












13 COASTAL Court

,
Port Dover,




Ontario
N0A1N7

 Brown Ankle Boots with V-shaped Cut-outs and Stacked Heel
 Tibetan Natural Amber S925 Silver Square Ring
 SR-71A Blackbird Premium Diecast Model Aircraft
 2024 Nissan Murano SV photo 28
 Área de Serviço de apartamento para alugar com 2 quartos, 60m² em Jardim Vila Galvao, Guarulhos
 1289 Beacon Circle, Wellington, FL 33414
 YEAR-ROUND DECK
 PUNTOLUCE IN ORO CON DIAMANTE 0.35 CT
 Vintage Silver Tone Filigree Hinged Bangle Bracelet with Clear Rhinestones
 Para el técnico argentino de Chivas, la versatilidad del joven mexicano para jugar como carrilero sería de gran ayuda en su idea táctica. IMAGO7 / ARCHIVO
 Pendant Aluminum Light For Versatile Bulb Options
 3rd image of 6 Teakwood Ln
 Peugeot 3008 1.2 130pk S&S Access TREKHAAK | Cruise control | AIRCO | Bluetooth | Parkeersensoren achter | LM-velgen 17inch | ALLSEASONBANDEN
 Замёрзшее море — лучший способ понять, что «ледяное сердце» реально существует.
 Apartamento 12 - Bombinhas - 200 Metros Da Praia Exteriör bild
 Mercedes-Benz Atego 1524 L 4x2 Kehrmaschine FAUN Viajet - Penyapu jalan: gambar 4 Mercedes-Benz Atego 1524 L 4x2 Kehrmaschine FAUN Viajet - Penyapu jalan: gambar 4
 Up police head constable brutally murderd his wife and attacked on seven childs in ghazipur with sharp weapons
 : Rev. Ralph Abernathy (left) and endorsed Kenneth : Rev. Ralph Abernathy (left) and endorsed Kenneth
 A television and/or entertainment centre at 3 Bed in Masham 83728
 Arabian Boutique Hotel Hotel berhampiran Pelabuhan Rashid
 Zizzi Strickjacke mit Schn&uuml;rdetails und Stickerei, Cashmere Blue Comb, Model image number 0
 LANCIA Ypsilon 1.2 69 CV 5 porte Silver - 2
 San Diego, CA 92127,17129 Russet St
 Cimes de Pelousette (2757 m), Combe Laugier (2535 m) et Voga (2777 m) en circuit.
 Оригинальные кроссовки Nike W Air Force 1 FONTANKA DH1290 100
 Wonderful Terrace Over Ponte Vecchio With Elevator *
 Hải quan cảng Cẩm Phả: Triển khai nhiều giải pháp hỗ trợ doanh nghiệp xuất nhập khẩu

#####

→ The task: All that is needed is the exact run of lines above from the line containing "Up police head" through the line containing "Zizzi Strickjacke mit", both of them included.

→ Solution to the problem:
 Up police head constable brutally murderd his wife and attacked on seven childs in ghazipur with sharp weapons
 : Rev. Ralph Abernathy (left) and endorsed Kenneth : Rev. Ralph Abernathy (left) and endorsed Kenneth
 A television and/or entertainment centre at 3 Bed in Masham 83728
 Arabian Boutique Hotel Hotel berhampiran Pelabuhan Rashid
 Zizzi Strickjacke mit Schn&uuml;rdetails und Stickerei, Cashmere Blue Comb, Model image number 0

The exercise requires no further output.